Ceux qui creusent le soir à la façon d’un ange,
Pour en faire jaillir le jardin le plus pur
Que l’espace ait créé; ceux dont l’ardeur étrange
Echafaude leur dieu tout au sommet du mur

Pour pouvoir, à leur guise, humer dans son haleine
L’odeur de l’univers et le parfum du soir;
Ceux qui poussent le jour devant eux; ceux qu’entraîne
Le beau navire avec du bleu sur son bossoir;

Ceux qui n’ont pour butin que leur aile qui saigne
Loin des cités, loin de la gloire, loin de tout,
Ne sont-ils pas les Christ de l’avenir? Leur règne
Rebatira le temple où la lumière bout.

Que d’autres aient recueilli leurs lauriers; que l’heure,
En souffletant leur rêve, ait jeté sur leur dos
La besace et l’oubli, leur plus sûre demeure
Est ce vaste horizon d’où montent leurs credos.

“ En marge, et pour toujours” deviendra leur devise,
Ceux-là n’ayant jamais épongé leur douleur
Qu’en face du désert. La clarté qu’on divise
N’appartient qu’à la meute: eux ont gardé la leur.
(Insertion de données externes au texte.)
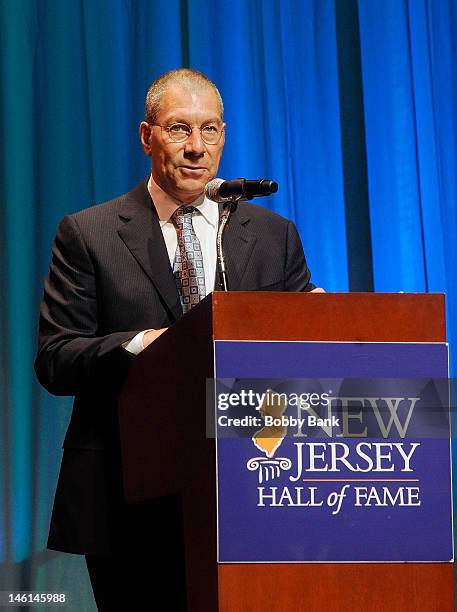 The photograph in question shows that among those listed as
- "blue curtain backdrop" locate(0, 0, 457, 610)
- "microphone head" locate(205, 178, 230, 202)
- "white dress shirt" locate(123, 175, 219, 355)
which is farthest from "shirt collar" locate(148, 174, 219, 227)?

Leur orgueil est d’errer parmi les solitudes.
Le sable a satisfait leur faim, rongé leurs os,
Mais ce qui bat entre leurs côtes est si rude,
Bien que sur leur épaule accourent les oiseaux.

Nul ne viendra border leur tombe. Le silence,
Comme une symphonie, en les enveloppant,
Reviendra-t-il bercer ton front qui se balance
O squelette étoilé dont la grande aile pend?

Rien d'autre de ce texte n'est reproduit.